CFP „Das freie Tier hat seinen Untergang stets hinter sich“

CFP: „Das freie Tier hat seinen Untergang stets hinter sich“ – Tierethik in Kultur, Literatur und Unterricht
Tagung an der Universität Koblenz-Landau, Campus Landau
Institut für Germanistik
29. November – 01. Dezember 2017
Organisation: Björn Hayer und Klarissa Schröder
Hauptredner:
Prof. Dr. Dr. h. c. Dieter Birnbacher (Heinrich-Heine-Universität Düsseldorf)
Prof. Dr. Dagmar Burkhart (Universität Mannheim)
Ao. Univ.-Prof. Mag. Dr. Gabriela Kompatscher-Gufler (Universität Innsbruck)
Dr. Friederike Schmitz (Freie Universität Berlin)
„Was ist das wichtigste Thema der Welt?“ fragte das ARD/WDR-Magazin „neuneinhalb“ 2014 ihre kindlichen Zuschauer und bat unter dieser offenen Fragestellung um Einsendung von Themenvorschlägen. Die nichtmenschlichen Lebewesen schafften es gleich zweimal auf das Siegertreppchen: Das wichtigste Thema der Welt sind ‚Tiere‘, dicht gefolgt von ‚Klimawandel/Klimaschutz‘ und ‚Tierschutz/bedrohte Tiere‘ im Speziellen (vgl. Pressebericht WDR, Juli 2014). Mit großer Wertschätzung und starkem Verantwortungsgefühl für ihre nichtmenschlichen Mitlebewesen zeigen sich diese jüngsten BürgerInnen sensibel und aufmerksam für den gesellschaftlichen und politischen Diskurs um die ethisch verantwortliche Gestaltung der Beziehung zwischen Mensch und Tier, der in den letzten Jahren durch die mediale Berichterstattung über beklagenswerte Zustände in der Tierhaltung, Fleischskandale oder vermeidbare Tierversuche sowie populäre Bestseller wie Karen Duves „Anständige Essen: Ein Selbstversuch“ (2010) und Jonathan Safran Foers „Tiere essen“ (2010) befeuert wurde.

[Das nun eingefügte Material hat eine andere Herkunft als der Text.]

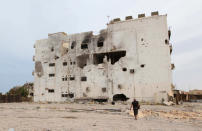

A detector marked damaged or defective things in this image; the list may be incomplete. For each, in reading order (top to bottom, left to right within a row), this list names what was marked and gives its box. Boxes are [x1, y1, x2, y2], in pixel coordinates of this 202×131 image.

damaged building [32, 11, 174, 103]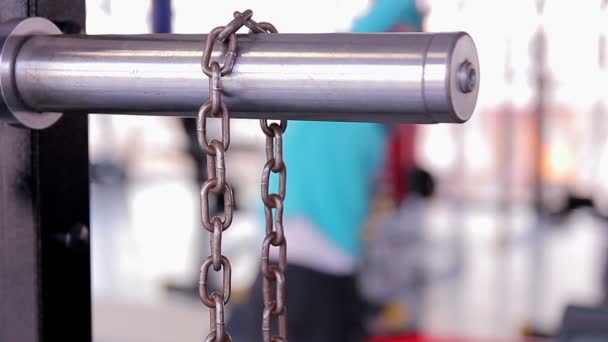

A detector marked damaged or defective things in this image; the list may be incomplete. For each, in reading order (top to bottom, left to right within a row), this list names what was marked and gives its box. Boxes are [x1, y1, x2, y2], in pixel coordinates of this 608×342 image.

Auch im wissenschaftlichen Bereich hat die Beschäftigung mit nichtmenschlichen Lebewesen durch das Aufkommen der Human-Animal-Studies neuen Aufwind erfahren. Im Zentrum des interdisziplinären Forschungsfeldes, das sich in der letzten Dekade auch in Deutschland etabliert hat, stehen kulturelle, soziale und gesellschaftliche Bedeutung nichtmenschlicher Tiere sowie die Vielfalt und Komplexität der Mensch-Tier-Beziehung. Das Interesse des akademischen Publikums zeigt sich derzeit in einem zunehmenden Tagungsangebot, einer Vielzahl von Publikationen und sich neu formierenden Netzwerken und Arbeitsgruppen.
Dürfen wir Tiere essen oder ganz allgemein für unsere Zwecke nutzen? Was sind wir Menschen den Tieren schuldig? Haben Tiere unabhängig von Menschen Bedürfnisse, Gefühle und sollten ihnen Rechte zugeschrieben werden? Fragen wie diese beschäftigen das philosophische Feld der Tierethik bereits seit jeher, das sich ebenso für literatur- und kulturwissenschaftliche Perspektiven auf kulturelle Artefakte fruchtbar machen lässt. Doch trotz der aktuellen gesellschaftspolitischen Sensibilisierung scheinen die Aspekte
der Ethik mit jenen der Ästhetik noch nicht ausreichend verknüpft zu sein. Dasselbe gilt für den schulischen Horizont. Obgleich bei jungen Heranwachsenden ein hohes Interesse für nichtmenschliche Lebewesen besteht, wird das spezifische Verhältnis von Mensch und Tier unter didaktischen Gesichtspunkten bisher kaum debattiert.
Das Tier hat seinen festen Platz im Biologieunterricht oder in Fächerverbünden zu Natur und Umwelt, ethische Fragestellungen werden vorrangig im Philosophie- und Ethikunterricht behandelt. Doch scheint es, dass sich insbesondere der Literaturunterricht für eine Verhältnisbestimmung von Mensch UND Tier eignet. Literatur kann als Spiegel für diese Verhältnisbestimmung fungieren, durch Formen der Einfühlung ist es LeserInnen möglich, sich mit der Tierwelt zu verbinden. Dabei können Grundlagen des Zusammenlebens und gegenseitiger Abhängigkeit erforscht, Mitgefühl und Empathie mit nichtmenschlichen Lebewesen entwickelt und die Verantwortung als KonsumentIn sowie der eigene moralische Standpunkt kritisch reflektiert werden. Bisher nutzt der Deutschunterricht das große Potenzial einer solchen „tiersensiblen Lektüre“ bedauerlicher Weise noch nicht.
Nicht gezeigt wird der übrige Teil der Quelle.